Unless you currently have your home on sale or are thinking of selling it soon, signs that the real estate market in your area is softening may not seem important to you.
However, says Gerhard Kotzé, MD of the RealNet estate agency group, you should take note of them, because such changes can also affect your ability to finance a home improvement or borrow against your home.
And there are ways for homeowners to monitor their own areas. Early warning signs, he says, include:
For-sale signs staying up longer. "One or two may not signify, but if you see this becoming a trend, it would be worth your while to ask a reputable local agent to determine from comparative market analyses whether homes in the area are generally taking longer to sell."

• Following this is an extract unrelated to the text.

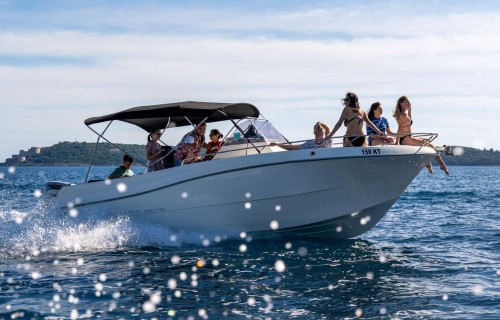 Фото, Двогодинна прогулянка на катері Atlantic Marine Open 750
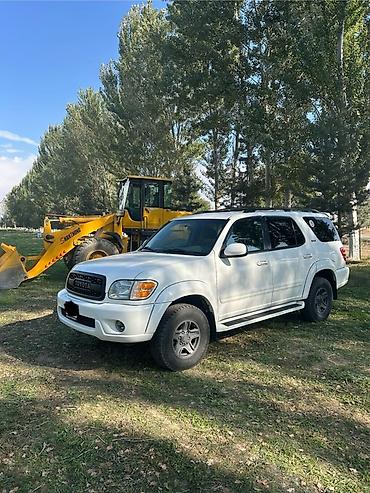 geely 2018: Toyota Sequoia: 2003 г., 4.7 л, Автомат, Бензин, Внедорожник — 2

More properties for sale. "A sudden increase in the number of for-sale signs could indicate a drop in demand or an increasing number of homeowners experiencing financial difficulties - and either way, the sellers will probably have to lower their asking prices in order to achieve a sale. This will, in turn, put a lid on property value growth in the area."
More "private" sellers. When a strong market ebbs, says Kotzé, homeowners are more likely to try to sell privately, believing that their property will be more financially attractive to buyers if they reduce the asking price by the amount of sales commission they would have paid an agent. "In practice, this is seldom the case, and their homes often end up unsold, but it is a market indicator to be aware of."
Of course, all property markets are cyclical, and a slight softening in your area may quickly be reversed, he says, if interest rates increases are not prolonged, the economy experiences stronger growth or high prices in a neighbouring area suddenly make your area look more attractive to buyers.
"What you really need to avoid, though, is a sustained downturn that could put you into a negative equity situation - where what you owe on the property is more than the sale price you could achieve - or the scenario in which declining values make banks reluctant to lend in your area, making it difficult even for willing buyers to purchase your property.
"But it isn't always easy to tell whether a market is in for a short-term dip or about to plunge into a long decline - which is why most owners, he says, should seek advice from a qualified, experienced estate agent before making a decision to stay put and wait for a turnaround, or to list their home for sale before things get any worse."